Il caso Lehman Brothers
Tra il 2007 e il 2008 molte banche americane registrarono perdite enormi. Il 15 settembre 2008 Lehman Brothers fallì, scatenando il panico sui mercati e un'ondata di sfiducia che paralizzò il sistema finanziario mondiale. Tali circostanze, infatti, condussero alcuni tra i maggiori istituti di credito statunitensi verso il collasso, evitato solo grazie all'intervento del Tesoro di concerto con la FED.
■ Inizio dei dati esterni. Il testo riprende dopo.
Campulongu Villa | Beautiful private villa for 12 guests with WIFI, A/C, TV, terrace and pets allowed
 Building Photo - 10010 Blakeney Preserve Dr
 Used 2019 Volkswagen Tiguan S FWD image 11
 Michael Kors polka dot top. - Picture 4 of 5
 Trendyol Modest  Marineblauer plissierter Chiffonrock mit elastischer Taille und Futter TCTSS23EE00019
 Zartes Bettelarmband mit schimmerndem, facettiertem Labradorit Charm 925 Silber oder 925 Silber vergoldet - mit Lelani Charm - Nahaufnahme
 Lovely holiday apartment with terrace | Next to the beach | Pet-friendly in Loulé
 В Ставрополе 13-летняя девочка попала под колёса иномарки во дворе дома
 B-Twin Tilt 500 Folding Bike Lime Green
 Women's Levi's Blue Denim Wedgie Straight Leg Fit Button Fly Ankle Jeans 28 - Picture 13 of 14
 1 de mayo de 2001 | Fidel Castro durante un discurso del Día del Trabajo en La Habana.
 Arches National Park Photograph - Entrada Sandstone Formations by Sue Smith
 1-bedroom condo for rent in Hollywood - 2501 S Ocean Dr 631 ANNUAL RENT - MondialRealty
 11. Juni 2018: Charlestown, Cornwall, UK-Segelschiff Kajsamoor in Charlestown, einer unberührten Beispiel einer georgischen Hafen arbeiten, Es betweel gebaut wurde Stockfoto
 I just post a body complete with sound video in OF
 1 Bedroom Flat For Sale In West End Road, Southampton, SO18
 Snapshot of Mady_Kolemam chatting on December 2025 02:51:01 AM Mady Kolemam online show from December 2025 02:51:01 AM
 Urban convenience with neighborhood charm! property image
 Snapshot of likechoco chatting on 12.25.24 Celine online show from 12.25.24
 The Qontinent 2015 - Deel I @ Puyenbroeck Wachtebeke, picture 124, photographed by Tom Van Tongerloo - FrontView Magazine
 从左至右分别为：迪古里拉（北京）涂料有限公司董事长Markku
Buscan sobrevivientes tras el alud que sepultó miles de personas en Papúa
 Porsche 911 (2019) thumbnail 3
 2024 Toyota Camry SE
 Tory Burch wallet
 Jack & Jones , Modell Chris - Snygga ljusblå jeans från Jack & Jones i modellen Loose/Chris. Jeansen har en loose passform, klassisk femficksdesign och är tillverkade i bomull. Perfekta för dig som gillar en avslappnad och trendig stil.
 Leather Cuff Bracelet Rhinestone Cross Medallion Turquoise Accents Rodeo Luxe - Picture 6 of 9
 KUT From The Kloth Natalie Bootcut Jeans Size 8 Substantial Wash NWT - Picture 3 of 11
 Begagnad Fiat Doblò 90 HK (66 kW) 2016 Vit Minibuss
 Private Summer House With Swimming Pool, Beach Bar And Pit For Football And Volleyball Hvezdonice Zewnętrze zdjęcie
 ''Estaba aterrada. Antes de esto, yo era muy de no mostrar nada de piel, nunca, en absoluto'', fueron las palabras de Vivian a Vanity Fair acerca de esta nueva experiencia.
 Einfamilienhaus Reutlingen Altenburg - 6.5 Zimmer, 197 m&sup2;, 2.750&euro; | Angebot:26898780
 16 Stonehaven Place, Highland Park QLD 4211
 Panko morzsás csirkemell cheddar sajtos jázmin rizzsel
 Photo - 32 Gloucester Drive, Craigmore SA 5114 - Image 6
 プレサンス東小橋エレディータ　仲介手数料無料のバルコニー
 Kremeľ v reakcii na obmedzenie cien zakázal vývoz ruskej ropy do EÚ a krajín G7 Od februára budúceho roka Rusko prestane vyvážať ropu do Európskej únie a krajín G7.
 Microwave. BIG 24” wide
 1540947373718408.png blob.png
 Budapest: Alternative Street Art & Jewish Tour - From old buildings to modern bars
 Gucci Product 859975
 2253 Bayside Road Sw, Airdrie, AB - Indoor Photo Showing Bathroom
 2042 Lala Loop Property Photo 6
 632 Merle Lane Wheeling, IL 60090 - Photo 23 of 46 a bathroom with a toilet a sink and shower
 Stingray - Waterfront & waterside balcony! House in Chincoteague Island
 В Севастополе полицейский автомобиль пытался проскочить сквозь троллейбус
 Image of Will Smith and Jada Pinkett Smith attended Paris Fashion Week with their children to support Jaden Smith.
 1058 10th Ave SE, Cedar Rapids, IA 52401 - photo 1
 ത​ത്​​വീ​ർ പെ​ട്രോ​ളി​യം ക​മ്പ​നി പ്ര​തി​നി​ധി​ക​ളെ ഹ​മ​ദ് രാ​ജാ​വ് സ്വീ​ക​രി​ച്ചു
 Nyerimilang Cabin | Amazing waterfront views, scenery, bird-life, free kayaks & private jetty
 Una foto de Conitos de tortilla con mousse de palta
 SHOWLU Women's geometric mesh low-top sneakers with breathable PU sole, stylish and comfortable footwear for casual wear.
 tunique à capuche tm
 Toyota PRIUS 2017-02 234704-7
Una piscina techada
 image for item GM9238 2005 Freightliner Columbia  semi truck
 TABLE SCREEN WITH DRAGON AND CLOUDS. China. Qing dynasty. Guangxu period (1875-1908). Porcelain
La banca d'investimento Lehman Brothers, tuttavia, non ricevette aiuti statali né supporto da privati e avviò le procedure fallimentari. L'insolvenza della banca d'affari innescò una nuova fase di intensa instabilità: la decisione delle Autorità americane di lasciar fallire un'istituzione di tale portata scosse profondamente la fiducia degli operatori, alimentò un clima di fortissima tensione e generò preoccupazioni sulla solidità dell'intero sistema. Per effetto dell'esposizione diretta o indiretta ai mutui subprime, il contagio si estese infine anche all'Europa.
Dalla finanza all'economia reale
La crisi si trasferì rapidamente all'economia reale: crollarono consumi e investimenti, il credito si restrinse, aumentarono disoccupazione e fallimenti, e il commercio mondiale si ridusse drasticamente. Gli Stati Uniti intervennero con piani di salvataggio giganteschi. Durante il biennio 2007-2009, il programma di acquisto di titoli cartolarizzati Tarp (Troubled Asset Relief Program), la cui ampiezza era inizialmente fissata a 700 miliardi di dollari, raggiunse complessivamente 7.700 miliardi di dollari e comportò immissione di liquidità sul mercato bancario a tassi prossimi allo zero dalla FED a sostegno di banche e compagnie di assicurazione. In Europa, governi e banche centrali nazionalizzarono istituti in difficoltà e immisero liquidità per evitare il collasso del sistema. I massicci salvataggi bancari hanno fatto impennare i debiti pubblici, ponendo le basi per la successiva crisi del debito sovrano. Per contrastare l'instabilità, i regolatori (come Consob) hanno introdotto misure d'urgenza, tra cui il divieto di vendite allo scoperto. Il fallimento del sistema di autodisciplina ha spinto verso una riforma globale della vigilanza: sono stati introdotti standard più severi. In Europa, questo processo è culminato in una nuova architettura istituzionale per armonizzare le regole e garantire una supervisione uniforme e rigorosa.